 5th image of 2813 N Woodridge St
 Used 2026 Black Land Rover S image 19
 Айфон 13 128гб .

__________________________________________________

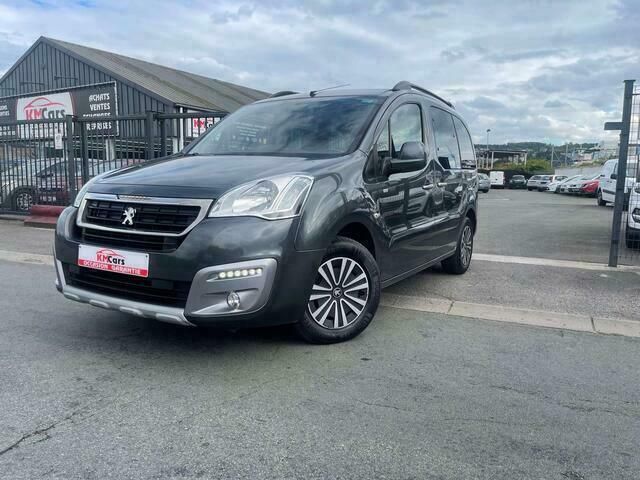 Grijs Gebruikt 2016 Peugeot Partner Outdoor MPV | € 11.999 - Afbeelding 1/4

__________________________________________________

### Task statement:
All that is needed is the exact run of lines above from the line containing "5th image of 2813 N Woodridge St" through the line containing "Айфон 13 128гб .", both of them included.

### Solution for this exercise:
 5th image of 2813 N Woodridge St
 Used 2026 Black Land Rover S image 19
 Айфон 13 128гб .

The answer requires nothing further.